BROWN UNIVERSITY, MICHAEL COHEAWhen it comes to bedding down in an unfamiliar place, the old adage about sleeping with one eye open may not be that far from the truth. New research helps explain this “first-night effect,” finding that one brain hemisphere remains more active than the other, researchers at Brown University and their colleagues reported today (April 21) in Current Biology.
“It’s an interesting finding,” Steven Stufflebeam, a neuroradiologist at Harvard Medical School and Massachusetts General Hospital, told The Scientist. “They found . . . one hemisphere of the brain was in a more vigilant state during the first night of sleep,” said Stufflebeam, who was not involved in the research.
The first night effect, which explains why people take longer to fall asleep and have poorer sleep quality the first night in a new place, has been well documented in...
“Researchers noticed the first-night effect for a long time, but we didn’t know what was going on in the brain,” study coauthor Masako Tamaki of Brown told The Scientist.
To find out, Tamaki and colleagues monitored the brain activity and sleep quality of 35 volunteers who spent two nights sleeping in their lab. They used a novel brain imaging technique that combines magnetoencephalography (MEG), structural MRI, and polysomnography—including electroencephalogram (EEG) signals, eye and muscle movements, and heart rate.
The researchers focused on a type of sleep called slow-wave activity, which measures the depth of sleep, as opposed to rapid eye movement (REM) sleep.
What they found was that the left hemispheres of the volunteers’ brains lit up more compared with the right one during their first night sleeping in the lab, but not on the second. The increased activity was located in a brain circuit called the default mode network, which is most active when a person is awake and resting.
In a second experiment with a different group of volunteers, the researchers played regular beeping sounds throughout the night, with high-pitched “deviant” beeps thrown in at odd intervals. They found that the brain’s response to the deviant sounds was again greater in the left hemisphere compared to the right one, but only during the first night. The left hemisphere also experienced more frequent “arousals,” or rapid shifts in EEG signals, after hearing the unexpected sounds.
The team did a final experiment in which a new group of volunteers heard sounds while they slept, except this time, they were instructed to tap their fingers lightly if they were awoken by the sound. More of the volunteers awoke—and faster—on the first night after hearing sounds in their right ear (which primarily activates the left brain hemisphere) than in their left ear.

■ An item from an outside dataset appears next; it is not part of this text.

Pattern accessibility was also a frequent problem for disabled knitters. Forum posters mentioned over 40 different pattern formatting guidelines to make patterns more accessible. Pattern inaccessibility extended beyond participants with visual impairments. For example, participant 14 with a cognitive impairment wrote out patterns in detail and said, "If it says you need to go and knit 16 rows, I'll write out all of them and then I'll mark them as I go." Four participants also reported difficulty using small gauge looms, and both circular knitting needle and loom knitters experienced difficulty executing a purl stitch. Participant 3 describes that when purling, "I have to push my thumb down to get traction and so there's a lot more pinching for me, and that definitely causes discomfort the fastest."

Taken together, the results suggest that the left hemisphere stays more active on the first night of sleep in an unfamiliar setting. The researchers speculate that the first-night effect may be a protective mechanism that keeps the brain alert to possible dangers.
“This may be a very general phenomenon,” Jerome Siegel, a professor of psychiatry and biobehavioral sciences at the University of California, Los Angeles, who did not take part in the work, wrote in an email to The Scientist. Siegel and colleagues have seen this brain asymmetry during sleep in fur seals, dolphins, and beluga whales. “Sleep is only adaptive if it doesn’t produce risks that outweigh its benefits,” he added. (See “Who Sleeps?” The Scientist, March 2015.)
“I liked the overall concept,” said Jyrki Ahveninen, a professor of radiology at Harvard Medical School and Massachusetts General Hospital who was also not involved in the study. “The authors used an imaging method which provides certain significant advances in comparison to the prevailing human neuroimaging method, fMRI, which is very noisy and would likely affect the sleep quality much more than the present methods,” he wrote in an email to The Scientist.
Going forward, Tamaki and colleagues intend to study how the first-night effect relates to types of learning that are thought to be enhanced by sleep.
M. Tamaki et al., “Night watch in one brain hemisphere during sleep associated with the first-night effect in humans,” Current Biology, doi:10.1016/j.cub.2016.02.063, 2016.